El caso es que vi a Brandon correr hacia el aro rival, recoger en el aire el pase perfecto de Álvaro Muñoz y anotar la canasta ganadora en una jugada que creíamos que sólo existía en las películas. Vi a Brandon caer bajo una montaña de compañeros que le felicitaban por la proeza lograda. Creo que llegué a llorar de emoción.

Al día siguiente, leyendo las crónicas, me enteré de que en la última jugada del partido Brandon no estaba en la pista. La canasta la había anotado Juan José García. Pero de verdad, lo juraré las veces que haga falta: vi a Brandon Garret volar como un águila imperial, planear sobre la zona y coger el balón.

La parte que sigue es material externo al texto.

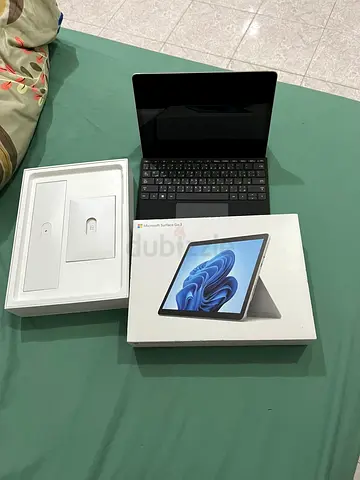 Microsoft Surface Duo 3 with Keyboard and Accessories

Vi a Brandon Garret machacar el aro. Y si realmente no lo vi, entonces estoy en condiciones de asegurar que soy la persona que más intensamente ha vivido el efecto Pumarín, llegando a ver visiones y abrazando algo que se debe parecer bastante a lo que conocemos como felicidad.

Más allá de la broma, el efecto Pumarín es el resultado de 17 años de una gestión seria y sensata. Sin estridencias. Con criterio. Cuando hay un proyecto deportivo y sus responsables mantienen la vista fija en los objetivos, respetando los valores, las cosas tienden a avanzar razonablemente bien. Esta fase de ascenso a la ACB es un segundo más en el vuelo del OCB hacia el aro. Disfrutémoslo. Es real.